Wasson v Bond
2012 NY Slip Op 05786 [97 AD3d 1093]
July 26, 2012
Appellate Division, Third Department
Published by New York State Law Reporting Bureau pursuant to Judiciary Law § 431.
As corrected through Wednesday, August 22, 2012


David Wasson et al., Respondents, v Ruth Bond et al., Appellants.

[*1] Kernan & Kernan, PC, Utica (Leighton R. Burns of counsel), for appellants.

Cohen & Cohen, Utica (Daniel S. Cohen of counsel), for respondents.

Malone Jr., J. Appeal from an order of the Supreme Court (Coccoma, J.), entered September 26, 2011 in Otsego County, which granted plaintiffs' motion to dismiss defendants' counterclaims.

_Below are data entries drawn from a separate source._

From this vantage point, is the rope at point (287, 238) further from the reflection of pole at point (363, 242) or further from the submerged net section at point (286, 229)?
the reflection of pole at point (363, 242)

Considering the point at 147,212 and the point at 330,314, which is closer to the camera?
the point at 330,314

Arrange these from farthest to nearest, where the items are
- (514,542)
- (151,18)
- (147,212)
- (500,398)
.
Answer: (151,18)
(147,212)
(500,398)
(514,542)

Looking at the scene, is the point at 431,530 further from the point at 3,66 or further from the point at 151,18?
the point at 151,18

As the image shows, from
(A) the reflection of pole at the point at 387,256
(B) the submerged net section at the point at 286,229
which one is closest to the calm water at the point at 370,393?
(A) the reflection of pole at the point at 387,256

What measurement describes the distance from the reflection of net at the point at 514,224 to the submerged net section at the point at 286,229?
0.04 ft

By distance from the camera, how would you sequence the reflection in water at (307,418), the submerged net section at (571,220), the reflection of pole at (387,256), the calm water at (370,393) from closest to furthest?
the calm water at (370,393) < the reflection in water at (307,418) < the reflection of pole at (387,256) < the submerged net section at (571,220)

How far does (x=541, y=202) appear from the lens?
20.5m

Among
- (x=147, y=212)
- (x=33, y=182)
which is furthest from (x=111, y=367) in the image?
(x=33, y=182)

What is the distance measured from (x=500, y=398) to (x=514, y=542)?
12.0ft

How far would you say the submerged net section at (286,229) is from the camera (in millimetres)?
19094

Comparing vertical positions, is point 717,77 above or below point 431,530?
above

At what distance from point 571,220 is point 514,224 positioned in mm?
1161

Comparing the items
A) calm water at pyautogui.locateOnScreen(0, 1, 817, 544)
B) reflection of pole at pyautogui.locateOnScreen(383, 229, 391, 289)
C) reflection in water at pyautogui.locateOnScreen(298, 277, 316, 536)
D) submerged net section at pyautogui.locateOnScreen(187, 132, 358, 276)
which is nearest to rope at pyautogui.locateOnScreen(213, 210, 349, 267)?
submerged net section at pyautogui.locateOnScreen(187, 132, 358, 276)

In March 2011, plaintiffs commenced this action against defendants alleging various trespasses that purportedly caused damage to plaintiffs' property. In July 2011, defendants answered and alleged in a counterclaim that defendant Ruth Bond acquired title to plaintiffs' property in June 2011 by virtue of a deed executed by Southern New York Railway Inc. (hereinafter the railway). Plaintiffs moved to dismiss the counterclaim on the basis that, during the course of prior litigation, it had been determined that plaintiffs' predecessors in interest held valid title to the disputed property (see Wasson v Bond, 80 AD3d 1114 [2011]).[FN*] Supreme Court granted plaintiffs' motion and defendants appeal.

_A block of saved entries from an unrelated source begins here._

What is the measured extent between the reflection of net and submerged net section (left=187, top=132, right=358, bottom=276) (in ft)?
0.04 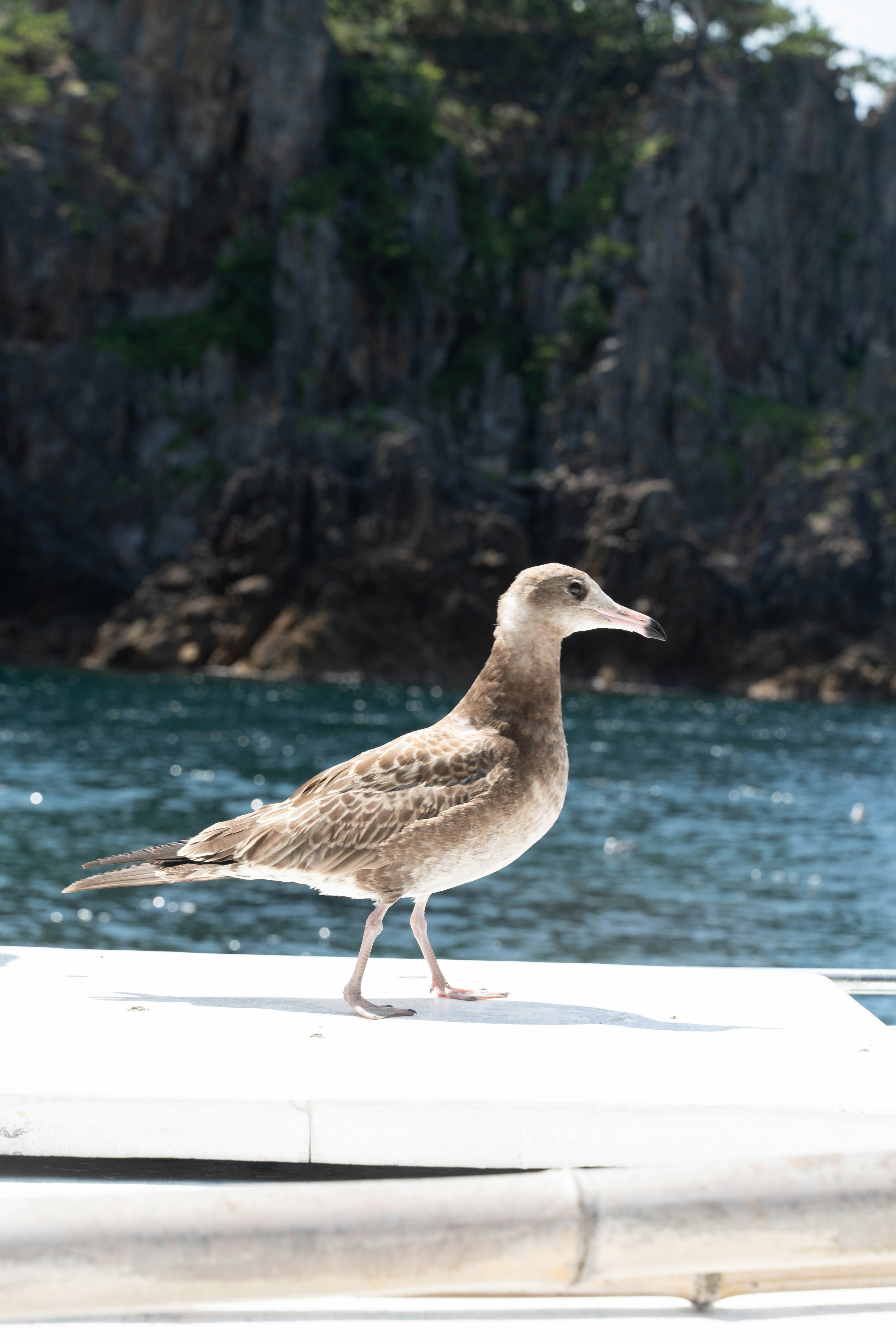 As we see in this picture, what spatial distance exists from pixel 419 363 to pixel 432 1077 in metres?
Answer: 88.4

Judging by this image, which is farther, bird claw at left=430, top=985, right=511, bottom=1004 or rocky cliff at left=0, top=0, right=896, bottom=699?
rocky cliff at left=0, top=0, right=896, bottom=699

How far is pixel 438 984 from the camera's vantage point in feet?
15.6

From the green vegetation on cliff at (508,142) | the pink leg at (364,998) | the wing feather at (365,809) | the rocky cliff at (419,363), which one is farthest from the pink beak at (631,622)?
the green vegetation on cliff at (508,142)

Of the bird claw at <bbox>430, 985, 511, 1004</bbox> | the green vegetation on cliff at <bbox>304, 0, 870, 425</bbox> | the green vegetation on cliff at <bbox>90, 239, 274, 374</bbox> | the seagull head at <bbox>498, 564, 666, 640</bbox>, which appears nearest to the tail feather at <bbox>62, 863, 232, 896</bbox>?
the bird claw at <bbox>430, 985, 511, 1004</bbox>

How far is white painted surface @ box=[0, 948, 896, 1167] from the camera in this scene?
3279 millimetres

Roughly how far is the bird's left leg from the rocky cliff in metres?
67.6

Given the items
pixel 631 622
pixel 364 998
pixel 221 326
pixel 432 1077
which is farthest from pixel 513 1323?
pixel 221 326

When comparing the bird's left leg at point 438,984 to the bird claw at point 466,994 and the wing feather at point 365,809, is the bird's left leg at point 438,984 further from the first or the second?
the wing feather at point 365,809

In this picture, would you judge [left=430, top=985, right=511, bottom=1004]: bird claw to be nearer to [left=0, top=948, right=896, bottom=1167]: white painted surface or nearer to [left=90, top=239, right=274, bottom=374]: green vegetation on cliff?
[left=0, top=948, right=896, bottom=1167]: white painted surface

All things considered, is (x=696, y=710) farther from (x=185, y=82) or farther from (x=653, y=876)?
(x=185, y=82)

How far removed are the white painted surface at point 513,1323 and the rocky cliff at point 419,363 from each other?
69832 mm

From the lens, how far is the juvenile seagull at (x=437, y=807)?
4465 millimetres

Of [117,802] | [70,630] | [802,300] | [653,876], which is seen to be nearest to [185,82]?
[70,630]

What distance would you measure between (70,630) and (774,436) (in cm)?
5246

Supreme Court properly dismissed defendants' counterclaim as barred by res judicata and collateral estoppel inasmuch as the issue of the ownership of the disputed property was previously raised, fully litigated and adjudicated by Supreme Court adversely to Bond (see [*2]generally Buechel v Bain, 97 NY2d 295, 303 [2001], cert denied 535 US 1096 [2002]; See Why Gerard, LLC v Gramro Entertainment Corp., 94 AD3d 1205 [2012]). Although defendants now assert that Bond had obtained title to plaintiffs' property by virtue of a deed executed by the railway in June 2011, that deed essentially mirrors the deeds executed by the railway in 2005 and 2006 that purported to convey the railway's alleged interest in the property to Bond, and those deeds were previously determined to be "ineffectual to vest in Bond any title or interest in the [property]." Indeed, it was decided by the court in the prior litigation that the railway's chain of title includes only a right-of-way over the disputed parcel, and the railway never held a fee title interest in it. Thus, no deed executed by the railway can be effective to convey fee title to Bond. Contrary to defendants' contention, the fact that the railway was not a party to the prior action does not mandate a different result inasmuch as the court previously determined that the claim of ownership asserted by plaintiffs' predecessors in interest defeated any possible claim of ownership by the railway, as was asserted by Bond in the prior litigation, and it cannot be said that the railway's interests were not adequately represented by Bond in the prior action (see Green v Santa Fe Indus., 70 NY2d 244, 253 [1987]; Israel v Wood Dolson Co., 1 NY2d 116, 118-120 [1956]).

To the extent not specifically addressed, defendants' remaining contentions have been considered and found to be without merit.

Rose, J.P., Spain, Kavanagh and Egan Jr., JJ., concur. Ordered that the order is affirmed, with costs.

Footnotes


Footnote *: At the time of the prior litigation, plaintiffs' parents, William Wasson and Jacqueline Wasson, owned the property at issue. Plaintiffs acquired title to the property from their parents in June 2010.